* PROBLEM STATEMENT *
Everything in the entries except the pictures must be repeated exactly.

+===+

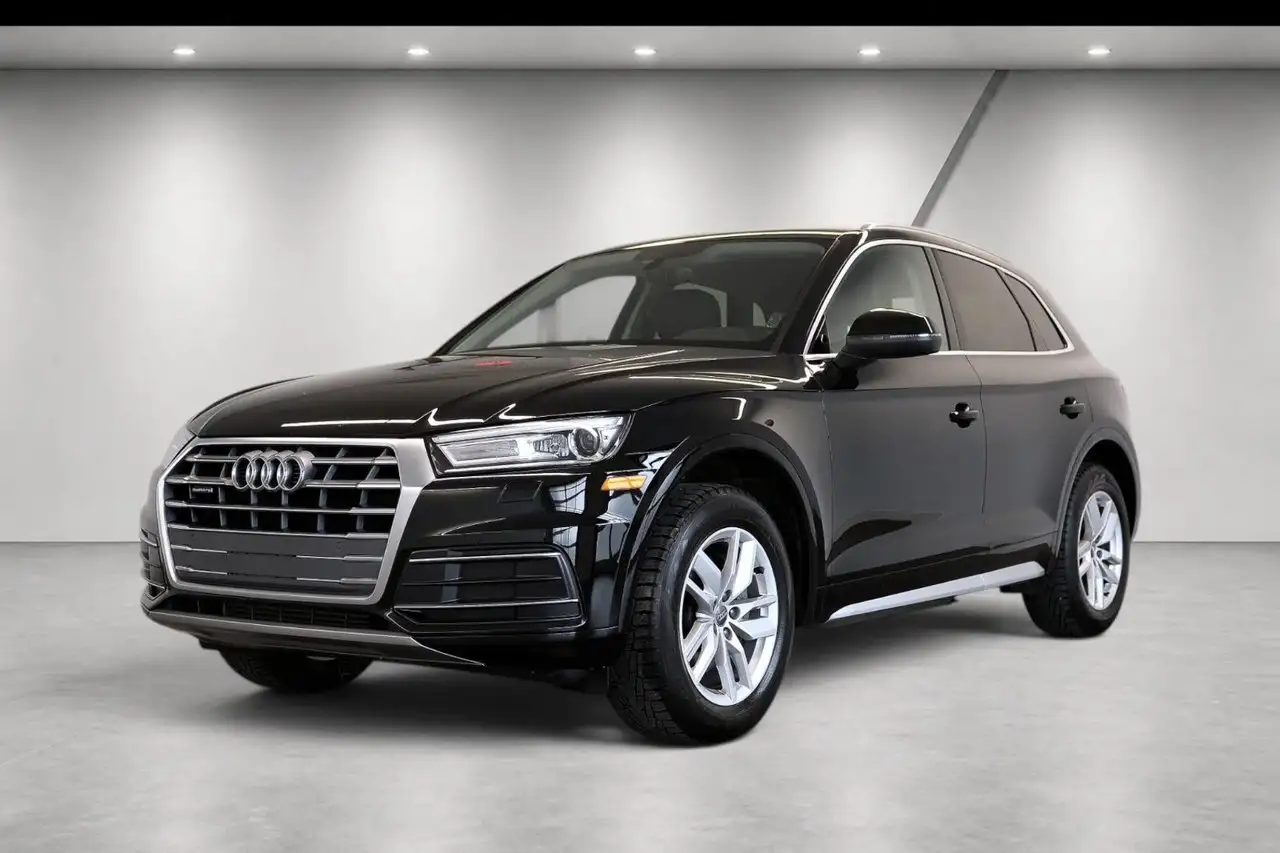 Audi Q5 снимка Audi Q5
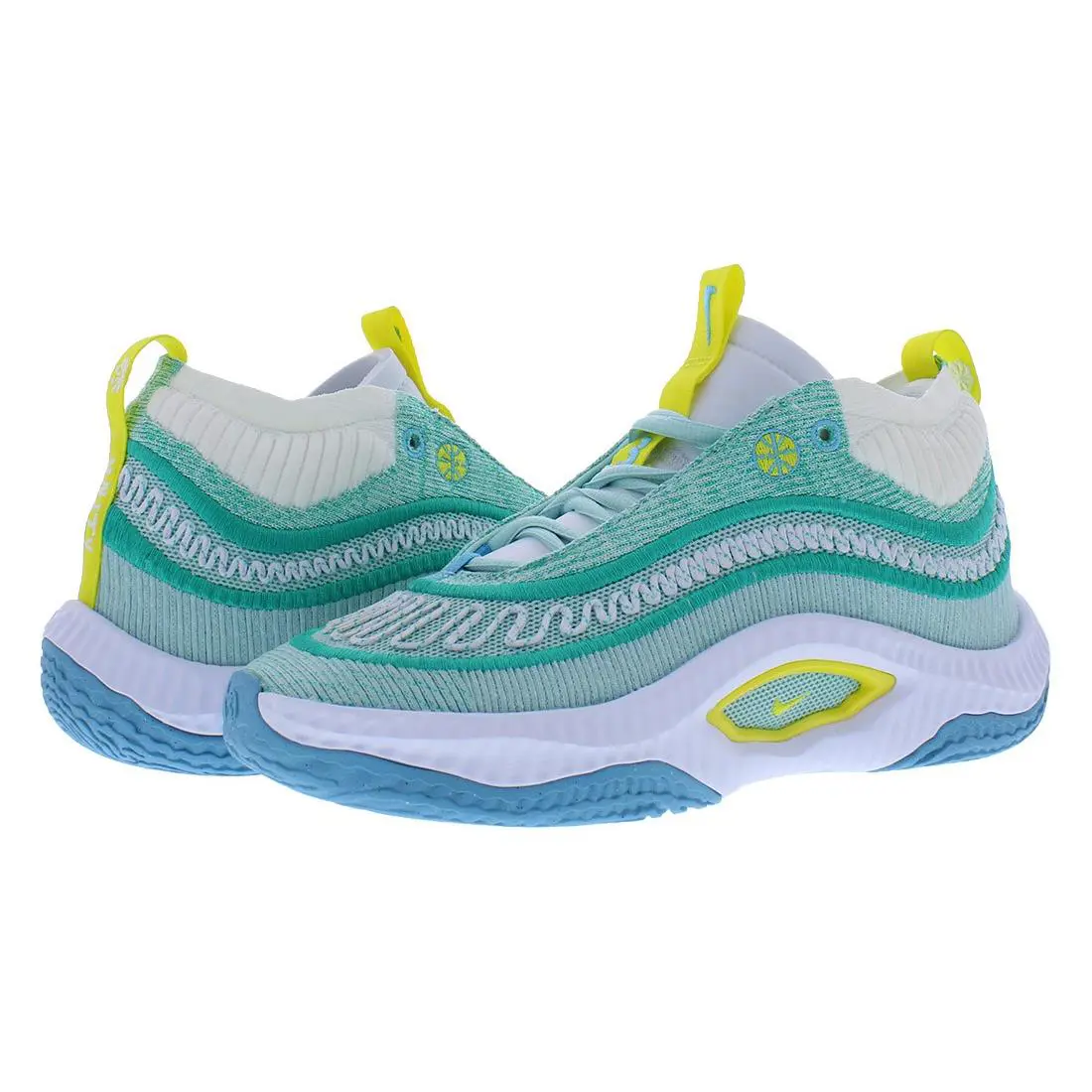 Nike shoes - Jade Ice/White/Emerald Rise, Full: Jade Ice/White/Emerald Rise 0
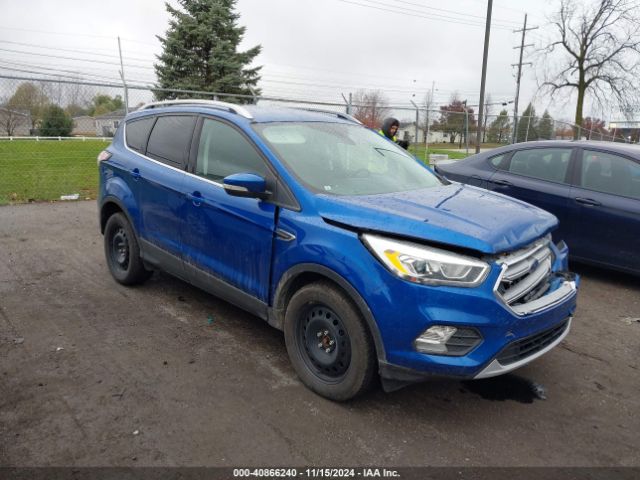 ford escape 2017 1fmcu9j93hua64083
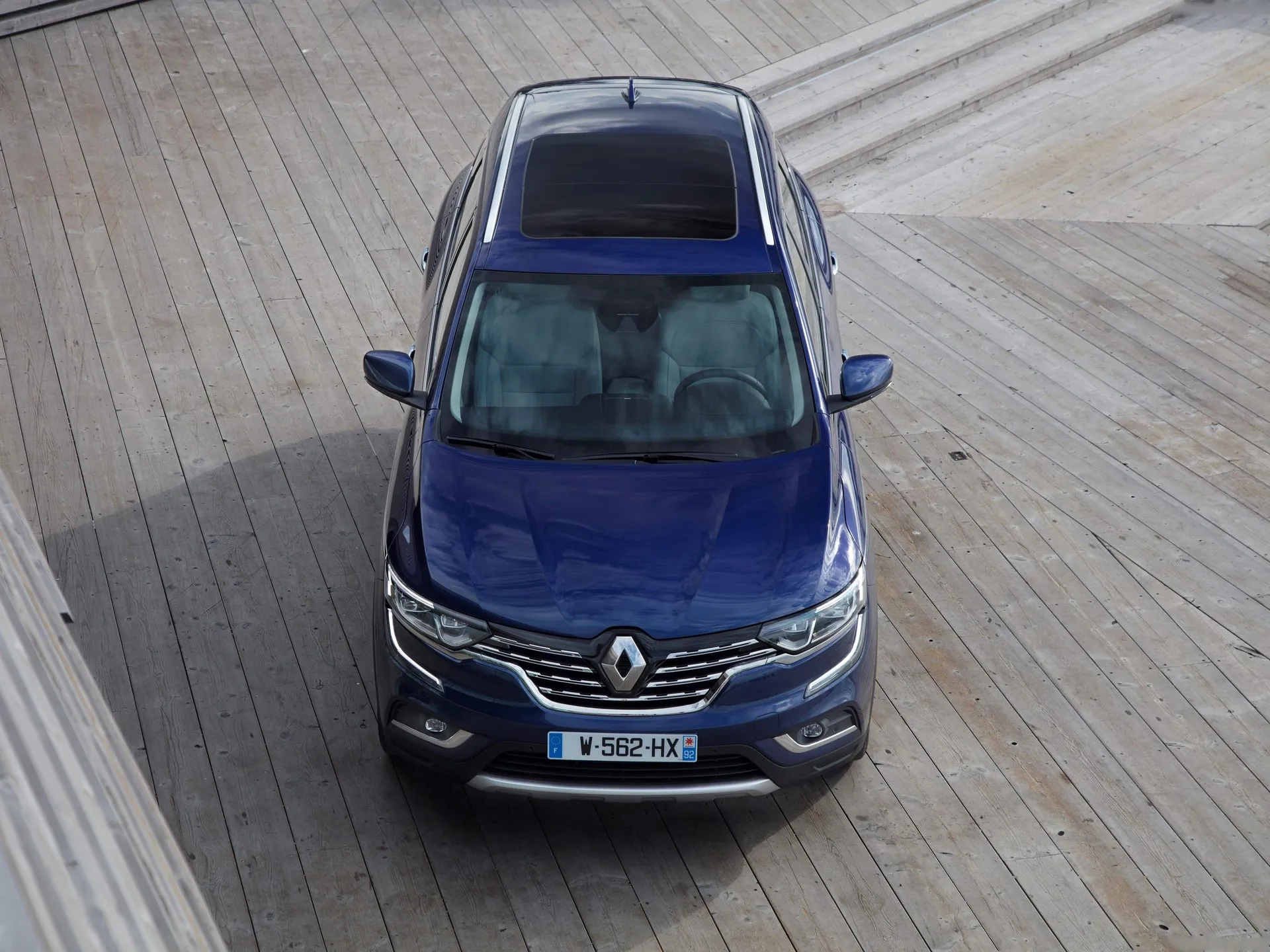 Renault Koleos (2017) – zepředu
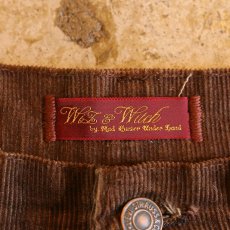 画像6: 【Wiz&Witch】 "UNDEY" CORDUROY PANTS / W28 (6)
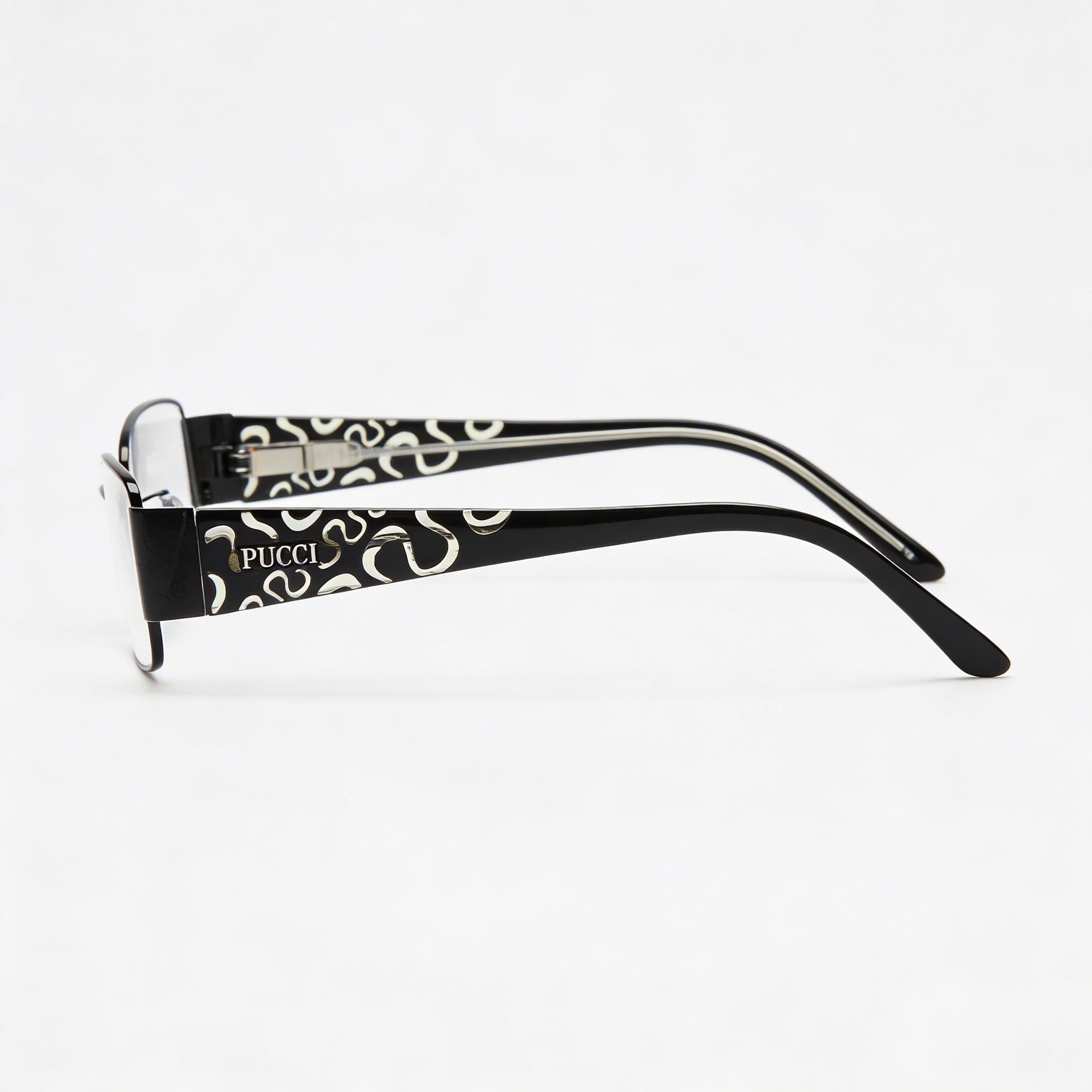 Gafas Pucci de ébano para mujer, Photo 2
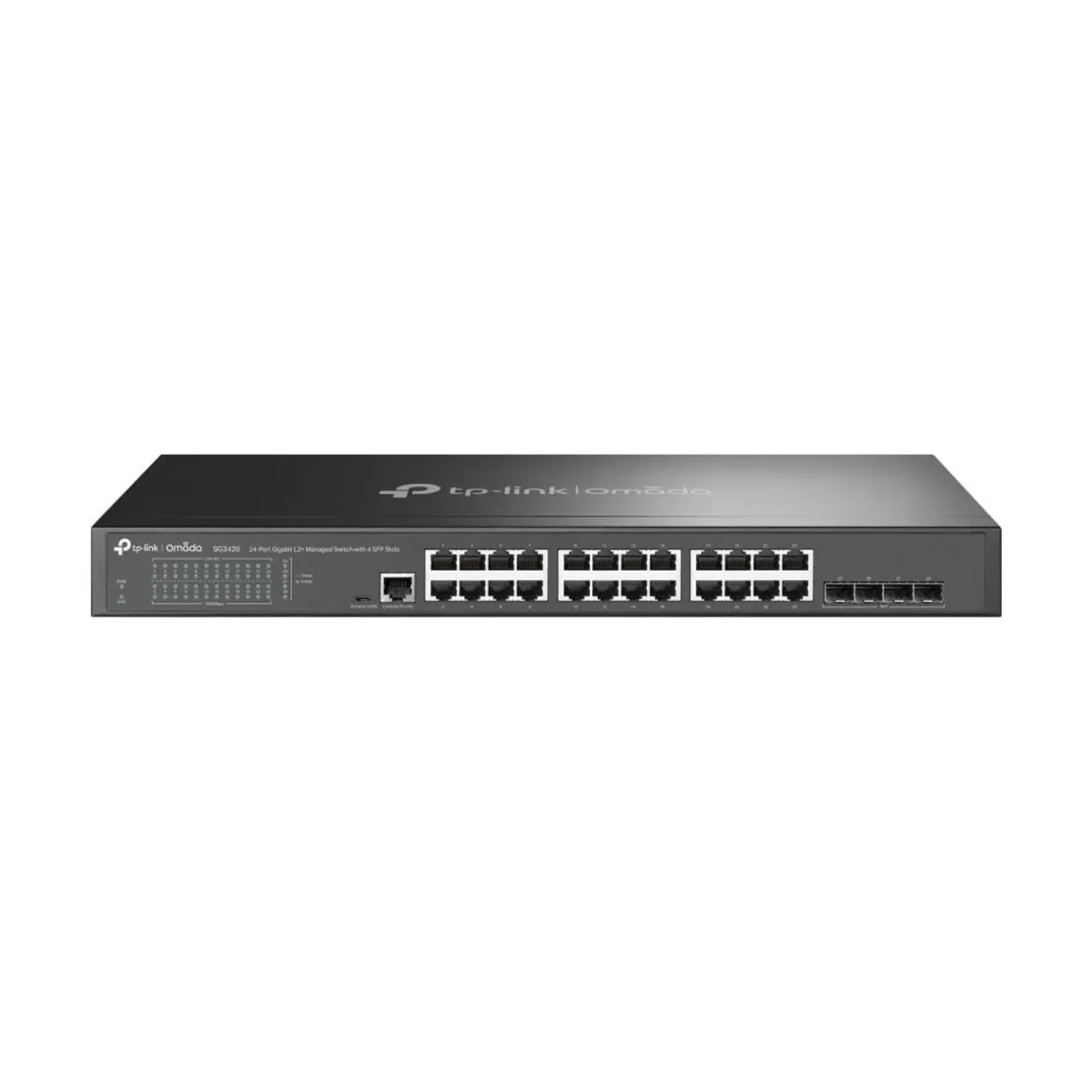 Коммутатор TP-LINK Omada TL-SG3428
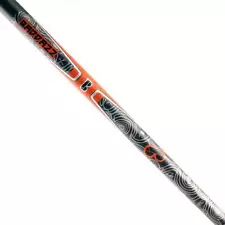 VA Composites BADDAZZ 50 Graphite Shaft + Adapter & Grip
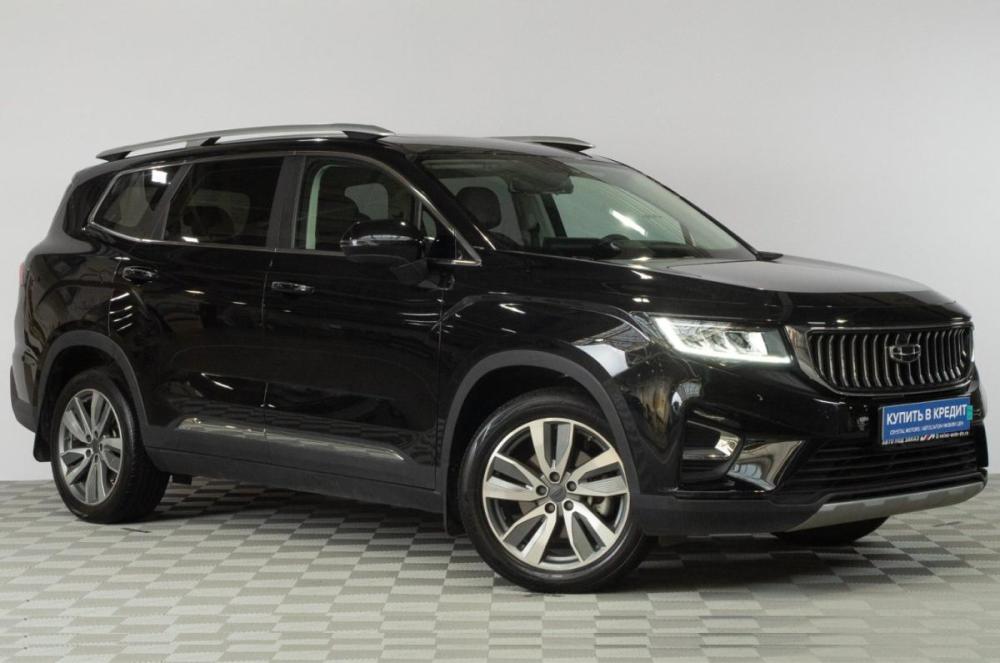 Geely Haoyue I Челябинск  - изображение 1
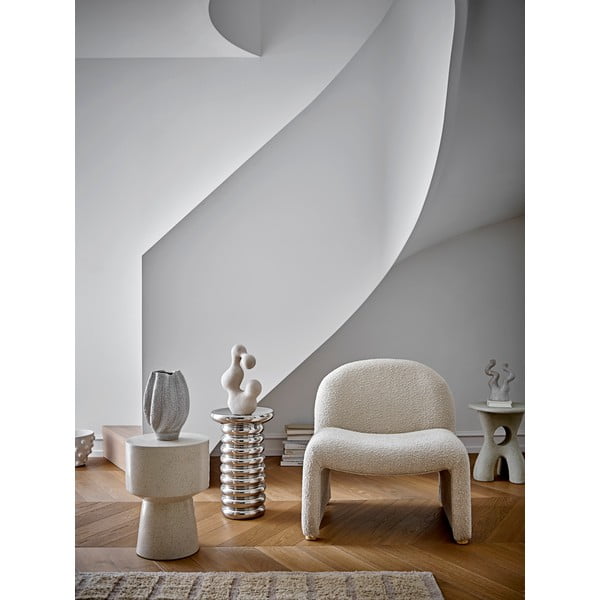 Кръгла странична масичка ø 34 cm Basso – Bloomingville-image-1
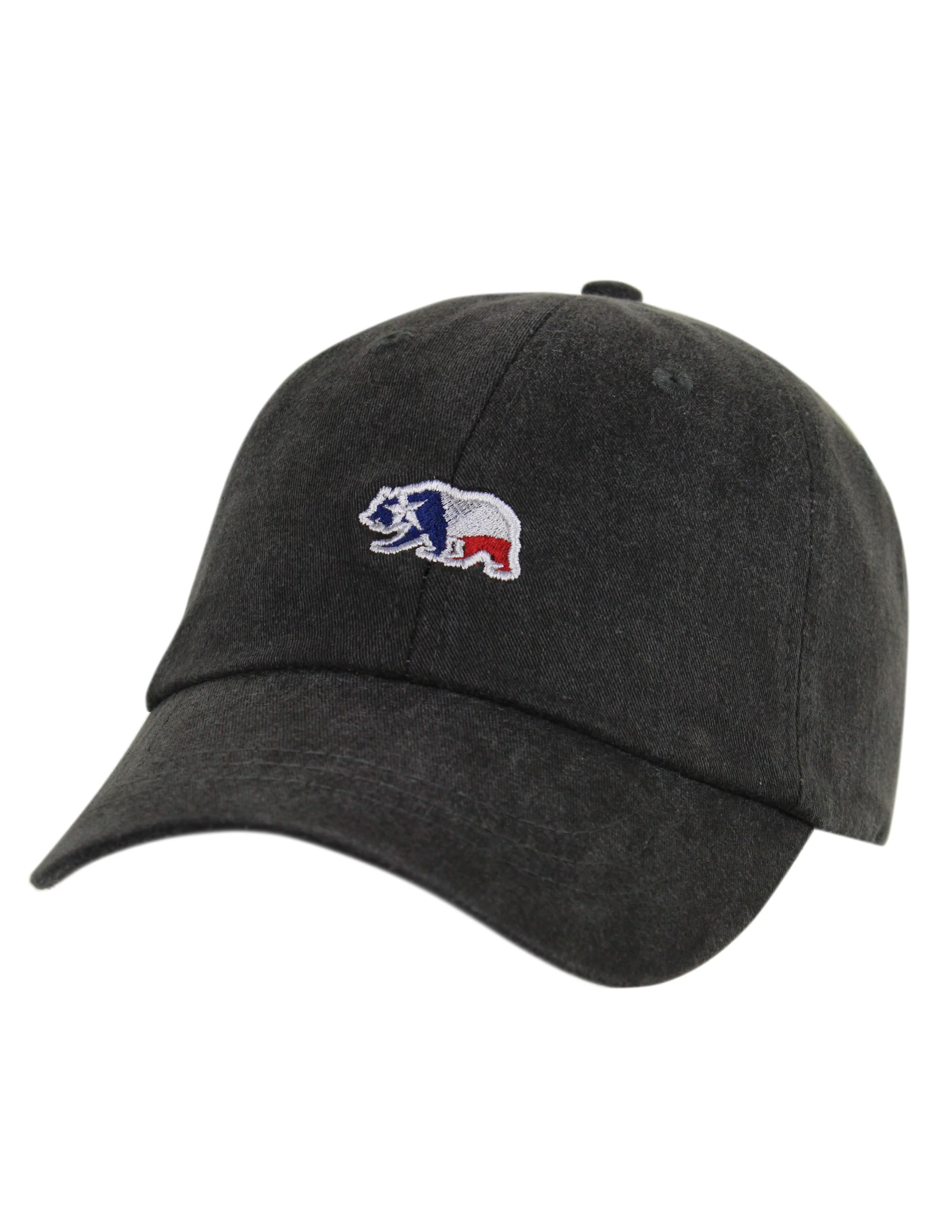 BU C Walking Bear Flag Hat - Image 3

+===+

* FINISHED TASK *
 Audi Q5 снимка Audi Q5
 Nike shoes - Jade Ice/White/Emerald Rise, Full: Jade Ice/White/Emerald Rise 0
 ford escape 2017 1fmcu9j93hua64083
 Renault Koleos (2017) – zepředu
 画像6: 【Wiz&Witch】 "UNDEY" CORDUROY PANTS / W28 (6)
 Gafas Pucci de ébano para mujer, Photo 2
 Коммутатор TP-LINK Omada TL-SG3428
 VA Composites BADDAZZ 50 Graphite Shaft + Adapter & Grip
 Geely Haoyue I Челябинск  - изображение 1
 Кръгла странична масичка ø 34 cm Basso – Bloomingville-image-1
 BU C Walking Bear Flag Hat - Image 3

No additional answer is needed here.